■ AIM OF THE EXERCISE ■
Nothing outside the lines below from the one containing "Faux backpack/bag - It’s" through the one containing "Broadcast tower silhouette" is to be printed; print those exactly, ends included, and drop the pictures.

■ RECORDS FOR THE TASK ■
# # # # # # #

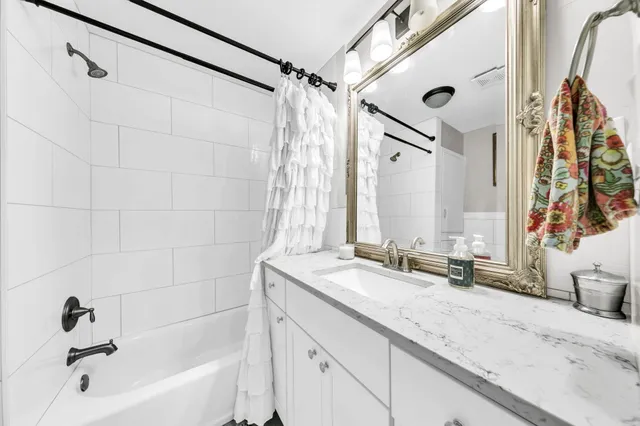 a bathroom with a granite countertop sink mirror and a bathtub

# # # # # # #

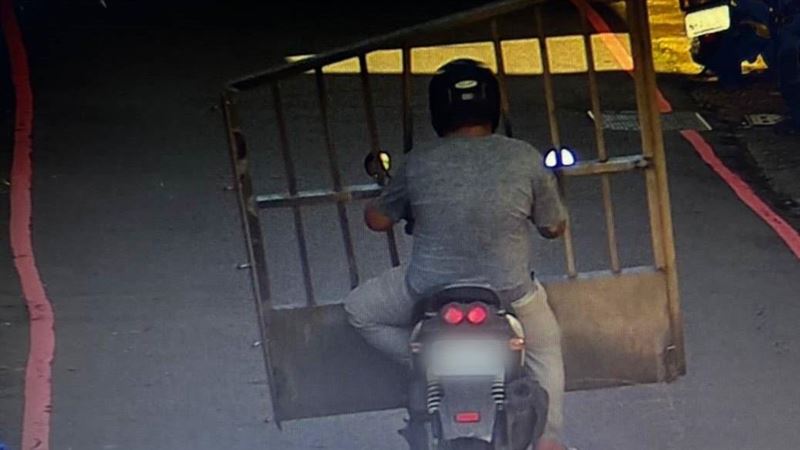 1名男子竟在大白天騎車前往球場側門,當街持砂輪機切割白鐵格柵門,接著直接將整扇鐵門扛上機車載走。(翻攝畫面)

# # # # # # #

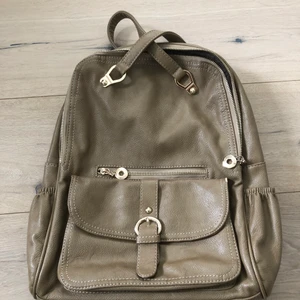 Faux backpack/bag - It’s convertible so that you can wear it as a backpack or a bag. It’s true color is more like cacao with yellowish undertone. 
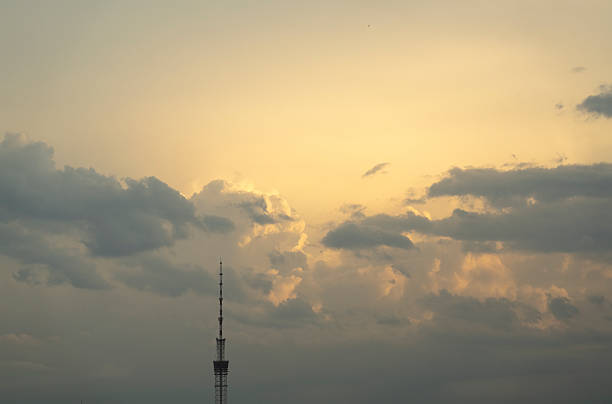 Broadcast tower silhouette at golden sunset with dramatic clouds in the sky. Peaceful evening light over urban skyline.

# # # # # # #

■ EXERCISE RESPONSE ■
 Faux backpack/bag - It’s convertible so that you can wear it as a backpack or a bag. It’s true color is more like cacao with yellowish undertone. 
 Broadcast tower silhouette at golden sunset with dramatic clouds in the sky. Peaceful evening light over urban skyline.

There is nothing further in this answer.